There is no evidence from which the jury could find that plaintiff knew, when he went to the place at which he was injured that the laborers were pitching bricks from the balcony, ten feet above the floor on which he was to work, to the scaffold, seven feet above the balcony and thus 17 feet above plaintiff. Nor is there evidence that the laborers knew at the time they were engaged in pitching the bricks that plaintiff had been assigned to work at a place not more than ten feet from the wall on which the brickmasons were at work. There is evidence that the foreman, under whose direction both the plaintiff and the laborers were at work, had full knowledge of the work in which these employees were respectively engaged. With this knowledge, the foreman required, or at least permitted the respective work to continue.
It is conceded, of course, that upon the facts established by the evidence, defendants owed plaintiff the duty "to exercise reasonable care to provide the plaintiff a reasonably safe and suitable place in which to work," and that a failure to perform this duty, resulting directly and proximately in injury to plaintiff, would be actionable negligence. Ramsbottom v. R. R., 138 N.C. 39, and cases cited in 2d Anno. Ed. It cannot be held, where defendants assigned plaintiff to work at a place not more than 10 feet from a brick wall of a building in process of construction, while laborers were pitching bricks from a balcony against said wall, 10 feet above the floor of the building, to a scaffold 7 feet above the balcony, to other laborers — the distance from the hands of the laborers who were pitching the bricks to the hands of laborers whose duty it was to catch them being from 18 inches to 2 feet — that there was a compliance by defendants with the law as repeatedly declared by this Court, and by courts of other jurisdictions, which administer law founded upon sound principles and constantly developing to meet the growing complexities of human relationships.
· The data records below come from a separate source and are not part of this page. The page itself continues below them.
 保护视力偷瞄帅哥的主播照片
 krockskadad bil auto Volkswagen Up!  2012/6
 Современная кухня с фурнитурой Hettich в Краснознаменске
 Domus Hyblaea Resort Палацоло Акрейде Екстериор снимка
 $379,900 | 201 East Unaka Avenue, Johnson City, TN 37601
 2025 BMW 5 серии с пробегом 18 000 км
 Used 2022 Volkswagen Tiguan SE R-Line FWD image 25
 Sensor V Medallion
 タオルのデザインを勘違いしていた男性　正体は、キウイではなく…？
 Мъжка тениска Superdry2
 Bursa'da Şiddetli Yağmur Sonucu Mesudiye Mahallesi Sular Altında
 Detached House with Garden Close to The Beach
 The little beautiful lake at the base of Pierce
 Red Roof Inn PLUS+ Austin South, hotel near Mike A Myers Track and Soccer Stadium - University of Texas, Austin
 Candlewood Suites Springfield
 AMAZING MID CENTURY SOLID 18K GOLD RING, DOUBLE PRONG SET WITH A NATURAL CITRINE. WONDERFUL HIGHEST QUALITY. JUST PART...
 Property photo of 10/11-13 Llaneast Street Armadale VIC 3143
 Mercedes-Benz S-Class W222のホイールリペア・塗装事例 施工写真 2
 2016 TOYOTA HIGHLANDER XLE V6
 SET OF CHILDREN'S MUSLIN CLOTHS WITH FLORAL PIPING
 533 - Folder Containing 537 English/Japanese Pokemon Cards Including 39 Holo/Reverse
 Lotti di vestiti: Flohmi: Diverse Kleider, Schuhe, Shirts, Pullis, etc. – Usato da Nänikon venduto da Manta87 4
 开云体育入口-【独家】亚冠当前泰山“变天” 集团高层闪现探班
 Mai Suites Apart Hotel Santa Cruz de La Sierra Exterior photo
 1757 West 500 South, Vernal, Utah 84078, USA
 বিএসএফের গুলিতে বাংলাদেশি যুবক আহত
There was a breach of the duty, which the law imposed upon defendants, and evidence from which the jury could find that this breach of duty was the proximate cause of plaintiff's injury. Assignments of error, based upon exceptions to the refusal of the court to allow the motion of nonsuit, and to give the peremptory instructions as requested by defendants, cannot be sustained.
2. Defendants assign as error the refusal of his Honor to instruct the jury as requested by defendants, in writing and in apt time, to answer the second issue, "Yes." By the exception, upon which this assignment of error is based, defendants present their contention that the injury sustained by plaintiff was caused by the negligence of a fellow-servant, and that, therefore, they are not liable. The duty which defendants owed to plaintiff, with respect to the place provided for him to work, is primarily and nondelegable. The employee has a right to assume that this duty had been performed; Klunk v. Granite Co., 170 N.C. 70. Upon the evidence, there was a breach of this duty. The place provided for plaintiff to perform his duties as an employee of defendants was unsafe because of the method adopted by defendants for hoisting bricks to the upper scaffold. The defendants not only adopted this method for doing this work, but their foreman knew that the method was being pursued after plaintiff had left the safe place at which he was at work — at the upper end of the auditorium — and gone to the lower end, within 10 feet of the wall when the bricks were being passed up to the scaffold by this unsafe method. The laborers continued to pursue this method after plaintiff had changed places for work. There is no evidence that they knew of the change. Even if it was negligence for the laborers to adopt and pursue the unsafe method of doing the work which they were required to do, such negligence only concurred with the primary negligence of defendants in causing injury to plaintiff and does not relieve defendants of liability for their negligence. Beck v. Chair Co., 188 N.C. 743, and cases there cited. His Honor instructed the jury that where the master has negligently failed to perform one of the primary duties which he owed to the servant, and this negligence concurs with that of a coemployee in proximately producing the injury, the master's responsibility therefor is the same as if his negligence were the sole and only cause. Upon competent evidence, and under correct instructions as to the law, the jury has answered the second issue "No." The assignment of error is not sustained.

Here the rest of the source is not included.